=== Section Start ===

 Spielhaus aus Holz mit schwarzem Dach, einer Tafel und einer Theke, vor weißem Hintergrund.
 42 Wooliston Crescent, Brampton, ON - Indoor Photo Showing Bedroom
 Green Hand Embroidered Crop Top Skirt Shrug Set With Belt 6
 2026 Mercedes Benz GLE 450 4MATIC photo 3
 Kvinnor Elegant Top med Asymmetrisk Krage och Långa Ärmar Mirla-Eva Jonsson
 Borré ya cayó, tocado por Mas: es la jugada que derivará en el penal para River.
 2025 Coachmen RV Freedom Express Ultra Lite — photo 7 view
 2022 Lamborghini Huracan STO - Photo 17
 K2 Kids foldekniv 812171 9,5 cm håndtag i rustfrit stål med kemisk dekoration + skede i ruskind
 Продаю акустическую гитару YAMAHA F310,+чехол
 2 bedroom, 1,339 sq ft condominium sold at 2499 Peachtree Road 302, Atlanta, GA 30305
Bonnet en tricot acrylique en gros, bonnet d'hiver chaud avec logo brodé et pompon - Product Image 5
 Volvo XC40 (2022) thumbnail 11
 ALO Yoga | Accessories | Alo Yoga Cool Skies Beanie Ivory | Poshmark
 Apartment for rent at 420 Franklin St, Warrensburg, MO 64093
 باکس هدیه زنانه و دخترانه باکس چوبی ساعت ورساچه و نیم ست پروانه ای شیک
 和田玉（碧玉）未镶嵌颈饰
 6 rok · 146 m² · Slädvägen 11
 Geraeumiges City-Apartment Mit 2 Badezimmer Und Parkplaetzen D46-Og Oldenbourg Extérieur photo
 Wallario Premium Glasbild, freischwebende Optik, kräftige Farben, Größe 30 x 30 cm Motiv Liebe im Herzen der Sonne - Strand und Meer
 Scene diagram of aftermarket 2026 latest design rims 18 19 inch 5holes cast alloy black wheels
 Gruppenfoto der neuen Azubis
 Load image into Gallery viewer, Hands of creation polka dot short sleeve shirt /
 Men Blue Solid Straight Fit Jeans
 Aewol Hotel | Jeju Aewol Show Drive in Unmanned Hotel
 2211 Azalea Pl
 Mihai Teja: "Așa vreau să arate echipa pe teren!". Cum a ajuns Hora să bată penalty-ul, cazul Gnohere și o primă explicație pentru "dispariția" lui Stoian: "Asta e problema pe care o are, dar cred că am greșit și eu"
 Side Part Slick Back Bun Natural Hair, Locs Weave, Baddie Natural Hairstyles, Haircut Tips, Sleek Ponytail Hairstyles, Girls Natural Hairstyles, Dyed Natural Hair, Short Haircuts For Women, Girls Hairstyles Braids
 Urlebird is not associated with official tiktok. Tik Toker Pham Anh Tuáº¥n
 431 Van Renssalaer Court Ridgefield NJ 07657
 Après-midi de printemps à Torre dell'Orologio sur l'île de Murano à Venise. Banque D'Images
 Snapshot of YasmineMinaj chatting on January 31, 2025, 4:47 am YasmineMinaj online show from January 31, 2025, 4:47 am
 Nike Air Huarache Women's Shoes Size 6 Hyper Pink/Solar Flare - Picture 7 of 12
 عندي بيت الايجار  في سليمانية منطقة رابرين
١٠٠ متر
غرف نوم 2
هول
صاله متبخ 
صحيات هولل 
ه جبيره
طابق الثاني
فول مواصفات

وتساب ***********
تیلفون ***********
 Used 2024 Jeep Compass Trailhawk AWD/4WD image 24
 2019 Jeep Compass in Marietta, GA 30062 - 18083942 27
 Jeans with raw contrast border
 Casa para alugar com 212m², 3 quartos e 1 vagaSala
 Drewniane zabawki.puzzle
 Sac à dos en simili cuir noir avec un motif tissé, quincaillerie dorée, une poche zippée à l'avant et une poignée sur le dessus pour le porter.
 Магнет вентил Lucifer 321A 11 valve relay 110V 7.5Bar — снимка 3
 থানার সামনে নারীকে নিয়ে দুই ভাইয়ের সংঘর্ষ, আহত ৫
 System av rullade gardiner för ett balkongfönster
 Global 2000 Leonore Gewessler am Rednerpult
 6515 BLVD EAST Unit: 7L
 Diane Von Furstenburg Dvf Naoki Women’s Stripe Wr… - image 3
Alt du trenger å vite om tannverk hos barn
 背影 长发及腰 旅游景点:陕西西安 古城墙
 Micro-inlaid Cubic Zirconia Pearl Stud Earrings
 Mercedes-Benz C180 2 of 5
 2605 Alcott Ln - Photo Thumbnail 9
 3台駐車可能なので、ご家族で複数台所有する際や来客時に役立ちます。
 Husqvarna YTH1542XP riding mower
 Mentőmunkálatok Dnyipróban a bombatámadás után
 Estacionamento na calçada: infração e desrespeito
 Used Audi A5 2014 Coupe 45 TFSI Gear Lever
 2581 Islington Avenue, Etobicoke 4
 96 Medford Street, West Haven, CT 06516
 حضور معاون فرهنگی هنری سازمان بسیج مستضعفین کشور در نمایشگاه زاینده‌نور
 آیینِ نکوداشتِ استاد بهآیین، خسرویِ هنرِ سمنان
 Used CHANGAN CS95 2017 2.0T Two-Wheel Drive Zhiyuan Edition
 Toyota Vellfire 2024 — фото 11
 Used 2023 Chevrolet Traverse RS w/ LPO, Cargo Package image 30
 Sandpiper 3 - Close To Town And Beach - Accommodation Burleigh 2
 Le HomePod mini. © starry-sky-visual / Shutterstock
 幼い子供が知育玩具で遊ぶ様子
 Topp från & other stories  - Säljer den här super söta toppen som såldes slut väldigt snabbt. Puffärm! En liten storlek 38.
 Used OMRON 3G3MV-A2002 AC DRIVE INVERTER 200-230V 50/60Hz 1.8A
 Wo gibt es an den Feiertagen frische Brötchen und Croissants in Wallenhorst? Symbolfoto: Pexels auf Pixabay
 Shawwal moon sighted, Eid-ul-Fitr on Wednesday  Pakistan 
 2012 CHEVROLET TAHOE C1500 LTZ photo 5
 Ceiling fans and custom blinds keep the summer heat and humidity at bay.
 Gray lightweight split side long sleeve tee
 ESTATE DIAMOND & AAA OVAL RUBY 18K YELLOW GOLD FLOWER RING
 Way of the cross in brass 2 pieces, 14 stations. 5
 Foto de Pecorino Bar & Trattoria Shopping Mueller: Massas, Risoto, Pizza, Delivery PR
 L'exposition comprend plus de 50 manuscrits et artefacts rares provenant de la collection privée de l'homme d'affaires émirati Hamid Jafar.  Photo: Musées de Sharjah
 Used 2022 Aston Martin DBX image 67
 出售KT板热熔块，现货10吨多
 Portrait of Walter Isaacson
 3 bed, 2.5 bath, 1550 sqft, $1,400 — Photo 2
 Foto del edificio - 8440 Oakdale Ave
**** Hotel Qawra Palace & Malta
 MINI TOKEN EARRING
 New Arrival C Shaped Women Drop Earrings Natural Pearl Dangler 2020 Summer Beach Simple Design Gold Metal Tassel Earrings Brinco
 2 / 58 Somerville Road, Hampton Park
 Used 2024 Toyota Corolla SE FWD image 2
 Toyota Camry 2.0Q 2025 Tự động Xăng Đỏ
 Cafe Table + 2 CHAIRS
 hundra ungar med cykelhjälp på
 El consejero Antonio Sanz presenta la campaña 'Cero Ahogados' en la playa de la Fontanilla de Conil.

=== Section End ===

**Directions for this task:**
Write out, exactly and with nothing else, the lines of the listing above from its first line through the line with "K2 Kids foldekniv".

**Your response:**
 Spielhaus aus Holz mit schwarzem Dach, einer Tafel und einer Theke, vor weißem Hintergrund.
 42 Wooliston Crescent, Brampton, ON - Indoor Photo Showing Bedroom
 Green Hand Embroidered Crop Top Skirt Shrug Set With Belt 6
 2026 Mercedes Benz GLE 450 4MATIC photo 3
 Kvinnor Elegant Top med Asymmetrisk Krage och Långa Ärmar Mirla-Eva Jonsson
 Borré ya cayó, tocado por Mas: es la jugada que derivará en el penal para River.
 2025 Coachmen RV Freedom Express Ultra Lite — photo 7 view
 2022 Lamborghini Huracan STO - Photo 17
 K2 Kids foldekniv 812171 9,5 cm håndtag i rustfrit stål med kemisk dekoration + skede i ruskind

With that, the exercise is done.